Higher yield doesn’t mean stronger demand 

A similar tension emerges when you look at yield rate. The challenge with yield rate is that the students who want you most—and therefore yield at the highest rates—are often the students you may want least. Meanwhile, the students you most want typically have more options and yield at lower rates.  

As such, one surefire way to increase yield would be to simply stop pursuing your most coveted students, which would, of course, be counterproductive. Compounding the issue, meaningful enrollment growth typically requires significant application and admit growth. As admits expand, the denominator in the yield calculation increases—making it even harder to raise yield. In many cases, a declining yield rate is simply the math of enrollment growth

Again, elite institutions have been able to drive gains in yield, but for the other 90% of institutions, yield rate has declined consistently over time. It’s important to note also that among elite institutions, on average, more than 38% of enrolled students were reported as admitted through some type of early decision program, making it easier to drive down admit rates and increase yield rates. 

  • Resource Card: The takeaway

    The takeaway

    Efforts to grow enrollment and shape the class often put downward pressure on yield. This is why benchmarking yield in isolation can be misleading without a clearer view of student mix, growth strategy, and market position. Yield also depends on how well institutions are targeting and engaging the students they most want to enroll.

Rising discount rates aren’t inherently a red flag 

Finally, let’s look to discount rate. To an outside observer, an increasing discount rate appears very alarming. In practice, the story is more nuanced.  

Schools increase tuition to generate incremental net tuition revenue from returning students.

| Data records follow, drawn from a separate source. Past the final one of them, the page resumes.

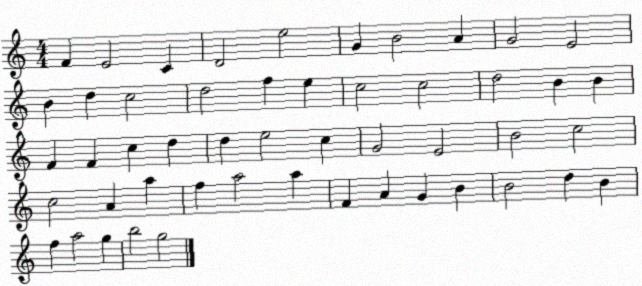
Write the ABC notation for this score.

X:1
T:Untitled
M:4/4
L:1/4
K:C
F E2 C D2 e2 G B2 A G2 E2 B d c2 d2 f e c2 c2 d2 B B F F c d d e2 c G2 E2 B2 c2 c2 A a f a2 a F A G B B2 d B f a2 g b2 g2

In turn, a marginal increase in discount rate helps blunt the impact for new incoming students. As long as the relative lift in discount rate does not exceed the relative increase in tuition, an increase in discount rate does not mean a decrease in net tuition revenue.  

If aid packages become too lean in pursuit of a lower discount rate, some students simply won’t enroll—and you risk losing the entire tuition stream. And in today’s challenging market, you don’t have to miss by much to miss by a lot. As you can see in the chart below, even elite institutions are not immune to increases in discount rate as tuition rises over time.    

  • Resource Card: The takeaway

    The takeaway

    Modest increases in discount rate are necessary to sustain enrollment and revenue in a competitive market. Financial aid optimization modeling can help institutions test pricing and discount scenarios to balance access, class shape, and net tuition revenue.

Rethinking how we measure and inflect enrollment success 

All of this is not to say that admit, yield, and discount rates don’t matter. Rather, in pursuing them, enrollment leaders need to help others understand the underlying dynamics of the rates and the gravitational forces that govern them.  

Enrollment management is fundamentally about trade-offs. The institutions that succeed over time stay focused on the true objective, sustainable net tuition revenue aligned with mission, and treat interim rates as signals to interpret, not goals to chase. 

Doing that well requires more than tracking individual metrics. It requires a more integrated view of enrollment strategy, one that brings together market insight, marketing and recruitment strategy, analytics, and financial modeling to drive better outcomes in an increasingly complex environment.